One reason why is that there’s no mess when it comes to killing and pillaging the machines of Horizon Forbidden West. Red Dead Redemption 2 might be oversimplifying matters with how easily you can skin an animal, but there is at least a visceral element to it. Killing a machine in Horizon Forbidden West and then whipping its components out feels too easy. You haven’t gotten your hands dirty, particularly if it’s a stealth kill, and it feels like you haven’t “paid” for the kill. One minute a Burrower is walking around, the next you’re strapping chunks of it to your arrows.
There’s also the question of why condemning them to “death” is the only option. Knock an NPC unconscious and there’s every chance you’ll do some serious damage. And yet with the machines, which are only hostile when you get too close, death is the only option. You can knock them down and stagger them, but there’s no local off button, which is surprising given what they were built for.

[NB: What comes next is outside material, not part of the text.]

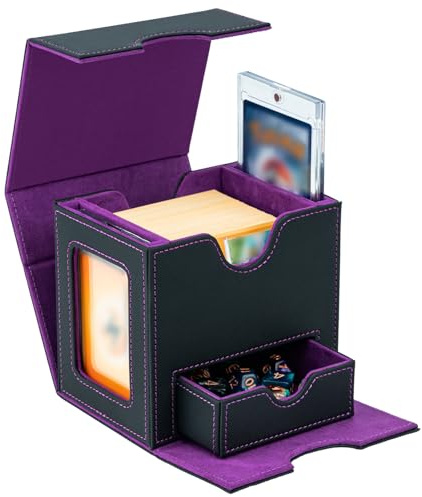 Tolesum Boîte de Rangement Magnétique en Cuir PU pour 100 Cartes MTG, 2 Présentoirs Commander avec Tiroir, Card Deck Box Pour Cartes Magic Commander TCG - Violet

That brings me to the real reason, on reflection, I feel guilty every time I kill one of Horizon’s machines. These machines are ultimately the saviors of humanity – of the planet as a whole. It’s revealed in the first game that a group of self-replicating robots, albeit initially man-made, destroyed the planet. They stripped the planet of its biomass, which they used for fuel, and yes, that probably included eating people. It’s a pretty horrifying scenario.
The machines you encounter in Horizon Zero Dawn and Horizon Forbidden West, however, are not those robots. They were constructed to reseed the planet, to terraform Earth from the barren rock it had become to a place that could, once again, support human life. Sure, some of the machines were diverted from their purpose, and you could definitely question why a water filtration robot needed to look like a giant crocodile. But at the end of the day, humanity exists and continues to exist because of them.

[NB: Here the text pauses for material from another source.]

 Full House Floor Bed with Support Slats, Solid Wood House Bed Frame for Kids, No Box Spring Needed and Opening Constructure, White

In the real world, animals go extinct all the time and the consequences for the food chain can be dire. But again, Horizon Forbidden West does away with that middle layer as you dispatch machines that, even though they may be operating less efficiently than they once were, are keeping the world alive.
The underground factories in Horizon Zero Dawn and Forbidden West called cauldrons do make more machines, but with each kill I felt I was making the world a fraction less livable. Plus, some of the machines you can kill are the ones that harvest fallen machines – meaning the more you kill, the less chance there is that the cauldrons will have the resources to make more.
I barely felt a twinge of guilt when I was killing machines in Horizon Zero Dawn, partly because of the sheer novelty factor of taking down a giant mechanical dinosaur. But Zero Dawn’s story, and the thinking space I’ve had between both games, has given me serious second thoughts about robo-slaughter. And since the game doesn’t impose any penalty, my brain has been left to bring the guilt.